Instructions for the task >> Keep only the lines of the data below that contain "muito", and copy them.

╭─ Records supplied

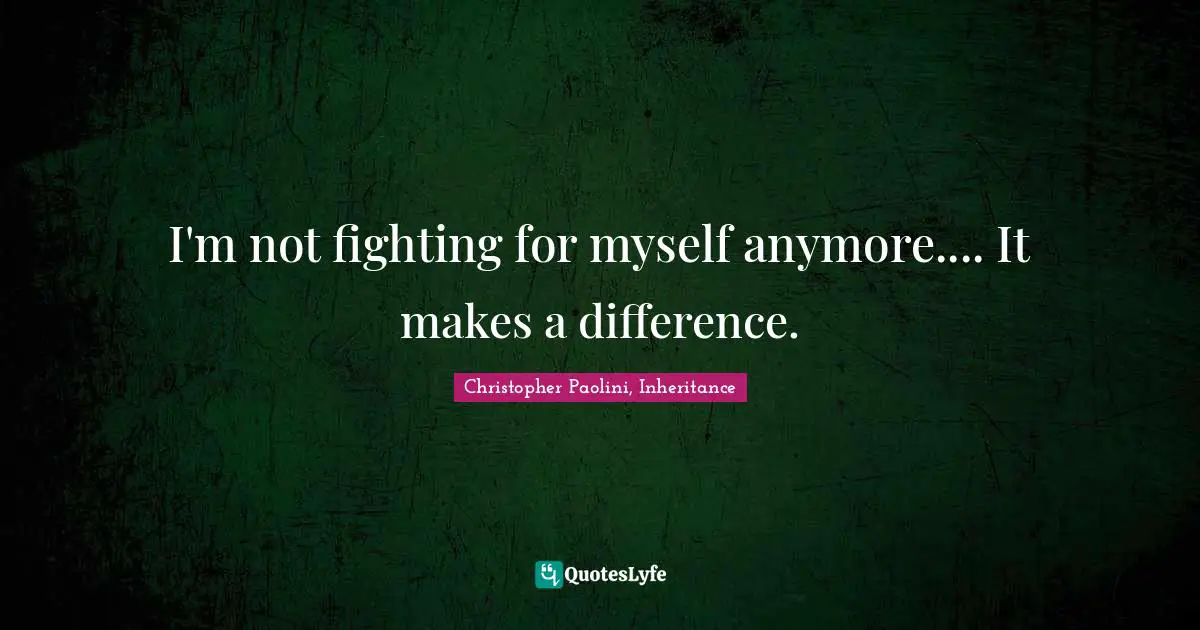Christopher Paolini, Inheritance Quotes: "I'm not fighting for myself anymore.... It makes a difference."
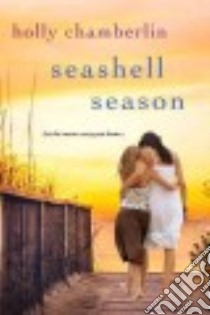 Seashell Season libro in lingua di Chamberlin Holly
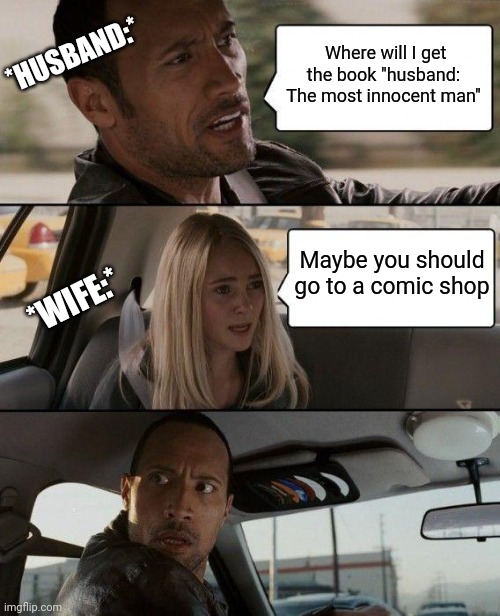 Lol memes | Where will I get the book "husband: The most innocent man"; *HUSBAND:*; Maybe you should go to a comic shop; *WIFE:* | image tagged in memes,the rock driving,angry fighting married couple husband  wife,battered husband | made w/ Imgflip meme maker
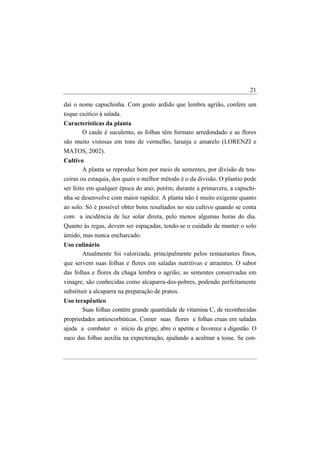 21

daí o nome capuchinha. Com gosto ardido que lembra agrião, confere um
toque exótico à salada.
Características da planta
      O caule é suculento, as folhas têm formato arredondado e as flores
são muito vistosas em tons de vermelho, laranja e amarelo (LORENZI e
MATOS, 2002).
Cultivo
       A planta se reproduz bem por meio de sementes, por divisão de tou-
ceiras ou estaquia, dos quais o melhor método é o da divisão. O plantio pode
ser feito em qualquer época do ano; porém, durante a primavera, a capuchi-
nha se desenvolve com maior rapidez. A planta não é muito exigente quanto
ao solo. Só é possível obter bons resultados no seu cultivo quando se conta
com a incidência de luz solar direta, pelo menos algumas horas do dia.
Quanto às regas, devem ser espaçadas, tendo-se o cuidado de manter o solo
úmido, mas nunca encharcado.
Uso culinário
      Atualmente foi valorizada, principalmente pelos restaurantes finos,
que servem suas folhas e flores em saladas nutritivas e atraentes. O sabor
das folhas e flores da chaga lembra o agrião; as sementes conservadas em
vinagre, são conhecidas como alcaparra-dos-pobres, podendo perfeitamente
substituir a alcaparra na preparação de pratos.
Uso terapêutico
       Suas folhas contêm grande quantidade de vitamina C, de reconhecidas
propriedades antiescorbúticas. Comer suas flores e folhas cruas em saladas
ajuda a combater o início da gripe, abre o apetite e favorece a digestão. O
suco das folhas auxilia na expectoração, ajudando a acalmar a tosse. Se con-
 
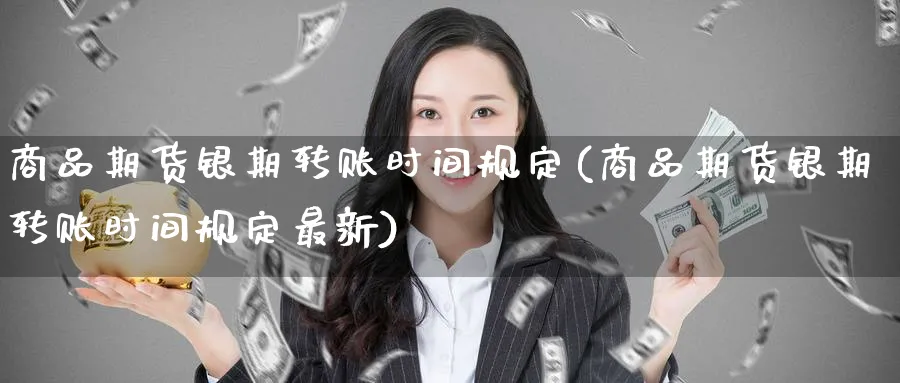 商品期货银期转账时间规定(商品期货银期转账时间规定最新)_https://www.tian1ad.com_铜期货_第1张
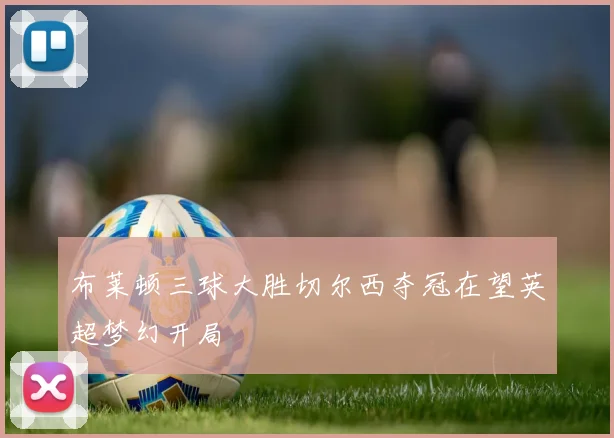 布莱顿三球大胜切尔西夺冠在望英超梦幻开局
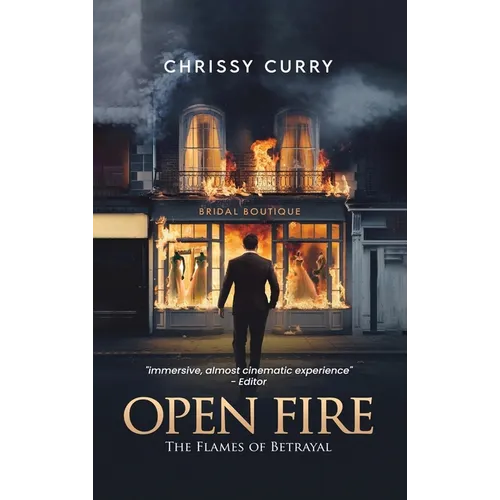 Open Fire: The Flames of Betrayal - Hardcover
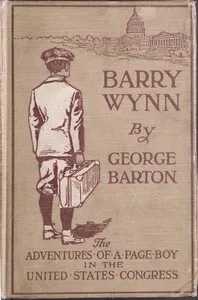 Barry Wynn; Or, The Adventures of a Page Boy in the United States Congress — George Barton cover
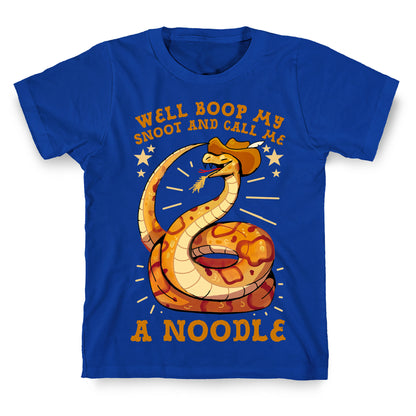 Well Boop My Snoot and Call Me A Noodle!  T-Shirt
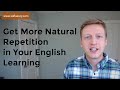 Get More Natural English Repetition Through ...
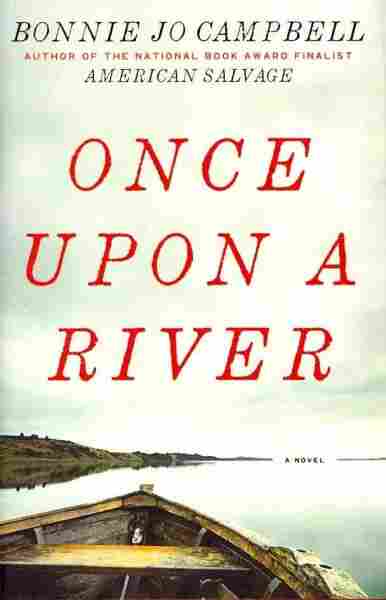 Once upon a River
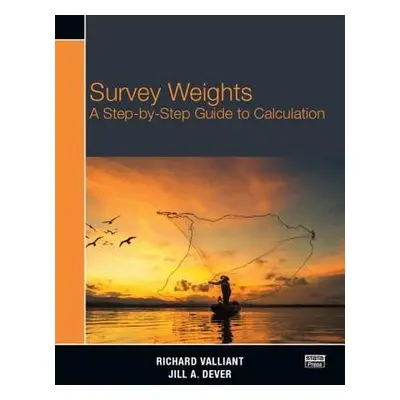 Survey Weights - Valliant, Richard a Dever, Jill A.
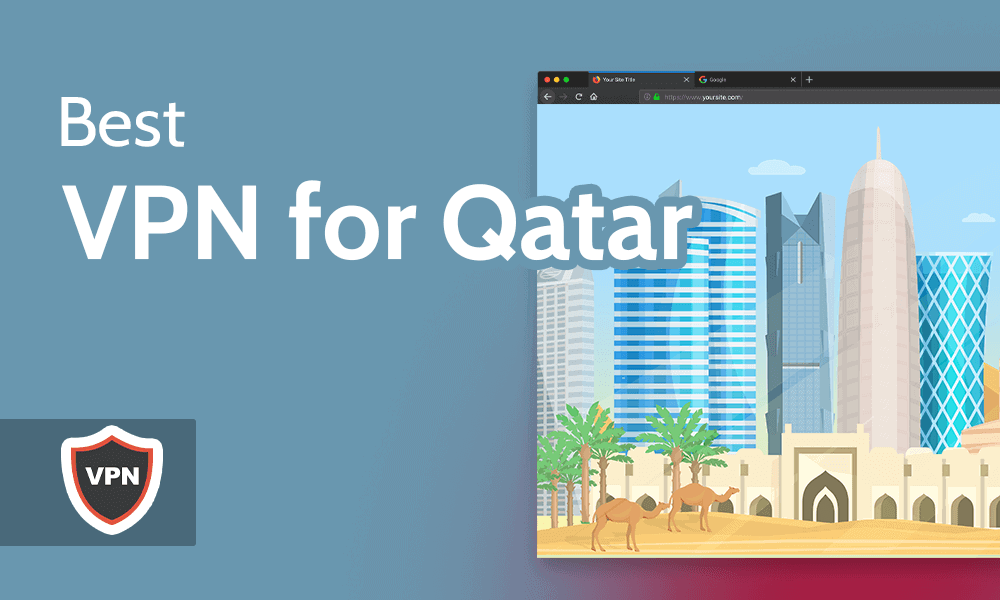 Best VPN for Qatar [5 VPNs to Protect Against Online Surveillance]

╰─

Answer box >>
são muito vistosas em tons de vermelho, laranja e amarelo (LORENZI e
nha se desenvolve com maior rapidez. A planta não é muito exigente quanto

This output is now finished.